Taking land ‘forcibly’ | HC imposes Rs 10 lakh penalty on Govt

 J&K High Court, Srinagar
J&K High Court, SrinagarMubashir Khan/GK File

Srinagar, July 1: The High Court of J&K and Ladakh has imposed a Rs 10 lakh penalty on the government for “forcibly” taking over the land of a “private person” in 2017 for the construction of a long Steel Girder Bridge at Zalpora Sultanpora Sumbal in north Kashmir’s Bandipora district.

A division bench of Chief Justice Pankaj Mithal and Javed Iqbal Wani while imposing a Rs 10 lakh penalty on the government also directed it to assess and determine the compensation of the land payable to the “private person” at the stamp duty rate as prevalent and Rs 1 lakh per year for five years as rent.

Pulling up the government, the court underscored that the “right to property is a basic human right which is akin to a fundamental right as guaranteed by Article 300 A of the Constitution of India and that no one can be deprived of his property other than by following procedure prescribed in the law”.

The contention of the “private person”, Shabir Ahmad Yatoo before the court was that his 9.053 marlas of land at Moza Sultanpora Sumbal, Bandipora was taken over by the R&B Department in 2017 for the construction of the long Steel Girder Bridge without acquiring the land following any statutory provision or his consent.

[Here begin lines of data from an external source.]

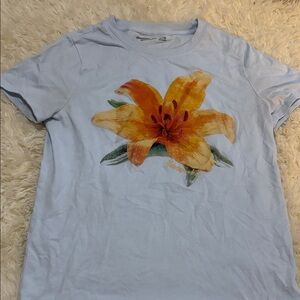 Girls Abercrombie Kids Floral Graphic T-Shirt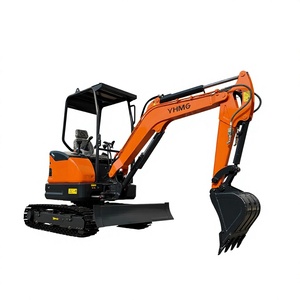 Microexcavadora YHMG W25A de 2.5 Toneladas con Certificación EPA y CE, Equipo de Construcción de Bajo Ruido, Disponible en Stock para la Venta - Product Image 1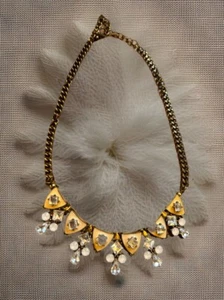 Vintage Enamel & Rhinestones Necklace - Picture 1 of 2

He contended that no compensation had been ever paid to him since then.

In their reply to Yatoo’s plea, the officials accepted that the land was taken over for the construction of the Steel Girder Bridge and that grant of compensation was under consideration as per the stamp duty rate.

Noting that the “facts and circumstances reveal that the private land of the petitioner has been taken over forcibly by the respondents without the consent of the petitioner and without taking recourse to any procedure prescribed in the law, the court said: “It is also an admitted fact that the petitioner has not been paid any compensation in respect of the land through the determination and assessment of the compensation is underway as per the stamp duty rate.”

The court said that it was well recognized that the Right to Property was a basic human right which was akin to a fundamental right as guaranteed by Article 300 A of the Constitution of India and that no one could be deprived of his property other than by following the procedure prescribed in the law.

“The facts reveal that the officials have violated the basic human right of the ‘private person’ and deprived him of his property without following any procedure of law,” it said.

While the court directed the officials to pay within 3 months a token rental compensation for the use and occupation of the land from the year 2017 at Rs 1 lakh per year, it said: “In addition to the above, on account of violation of the right to property of the petitioner which is guaranteed by the constitution, the respondents are directed to pay a special penalty of Rs 10 (lakh) to the petitioner within three months.”

In the event, the court said, that if the amount was not paid within the stipulated time, it would be open for the private person to move an application and bring it to the notice of the court.

“The court will swing into action and take appropriate coercive measures against the (officials) for the realisation of the amount as arrears of land revenue,” locals said.